One example is a spin in a metal as shown in the figure on the right. In its pure quantum form this corresponds to the Kondo model, beyond the Kondo regime this is the basis for magnetic resonance techniques in the solid state. Most properties of such a system are thus known since long. However, mostly left aside was the regime of very short time scales in which the spin and a part of the metallic environment have a joint coherent evolution, in which in particular coherent excitations in the metal act back on the spin dynamics. The coherent many-body effect of a local excitation, such as from a spin flip, on the environment runs under the name of orthogonality catastrophe or Fermi edge singularity and we have worked on extending the techniques to access this physics for various situations over many years. Very recently we have also set up an approach allowing us to systematically investigate the backaction on the spin as well. We are now working towards using these approaches as tools for gaining information on correlated systems and towards understanding how quantum information can propagate coherently through an otherwise incoherent environment.

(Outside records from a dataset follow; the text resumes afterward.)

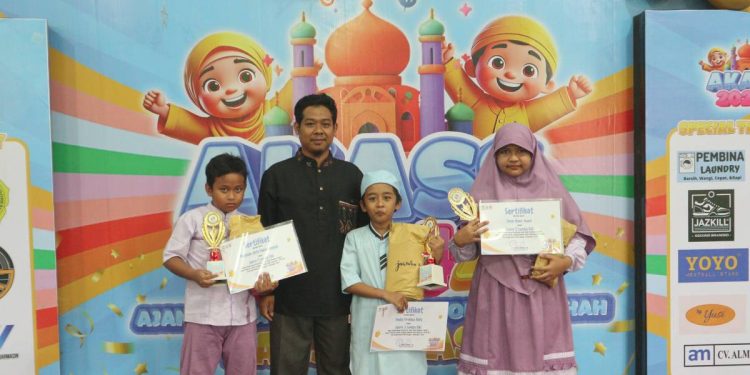 PC LDII Banjarmasin Timur menggelar kegiatan Ajang Kreativitas Anak Saleh Saleha (AKASS) di Mesjid Al Hidayah, Kota Banjarmasin, Kalimantan Timur. Foto: LINES.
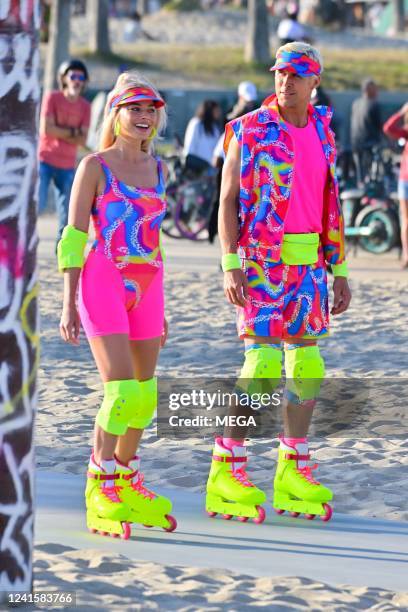 Margot Robbie and Ryan Gosling on rollerblades film new scenes for 'Barbie' in Venice California. 27 Jun 2022.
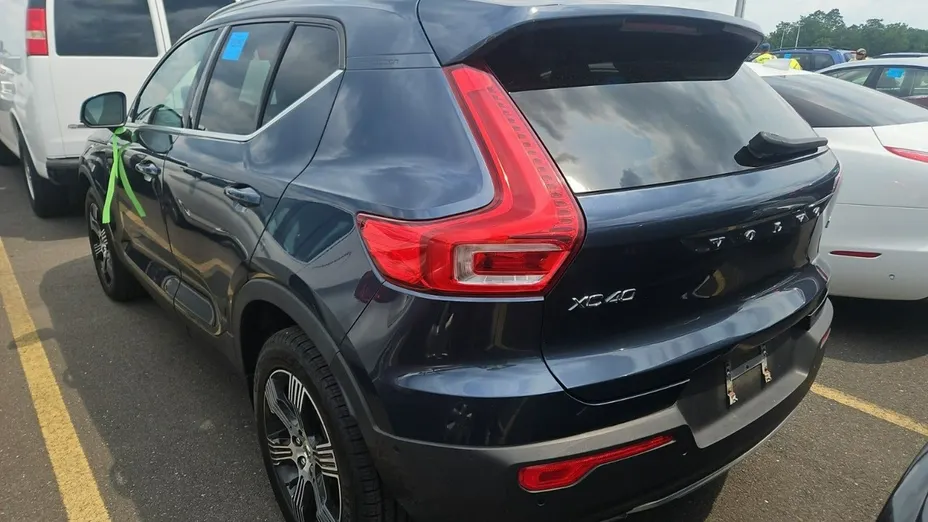 VOLVO XC40 -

Topological phases and topological excitations have become a topic of massive research activity over the last years. Topology refers here to a classification of quantum states that is not directly measurable through a local observable but which has consequences whenever a system of one topological class has an interface to a system with a different topological class. The most prominent interface effect is the appearance of conducting interface states between two topological insulators or topological superconductors.
Based on the maxim of designing rather than discovering we are investigating how the interaction between two quantum systems can be tailored to provide new, and especially topological effects. An important insight is that if we start from a sufficiently complex but conventional quantum state, the topological properties can be changed by projecting out a part of the wave function. Such a projection can occur through the interaction between two systems and in the best case the result is robust in the sense that no fine tuning is required. An example is shown on the right in which nuclear spins in a one-dimensional conductor order in a spiral pattern due to their interaction with the electrons, but in turn scattering on this pattern causes the opening of a gap in the electron bands as well and what is left as conducting states is known as a helical conductor. The robustness comes in because the combined state is self-stabilising through the feedback mechanism indicated in the figure.
Helical conductors are an important component to obtain further topological states. For instance, when a helical conductor is brought in contact with a superconductor, the Cooper pairs from the superconductor are projected onto one half of their wave function component when they tunnel into the conductor by proximity effect. The resulting induced superconductivity has then a changed topology class, and the interesting topological interface properties arise in the form of Majorana bound states at the ends of the conductor (the interface to the vacuum), as illustrated in the figure next. We are currently exploring how the underlying physics can be used further to obtain topological textures directly in the superconducting substrates.
One of the prime applications of topological quantum states will be with quantum computation, and much research worldwide is focused on this aspect, in addition to the question of how to obtain and manipulate topological phases. Less explored, and the topic of this branch of our research, is to use topological states as a pathway to new physical phenomena.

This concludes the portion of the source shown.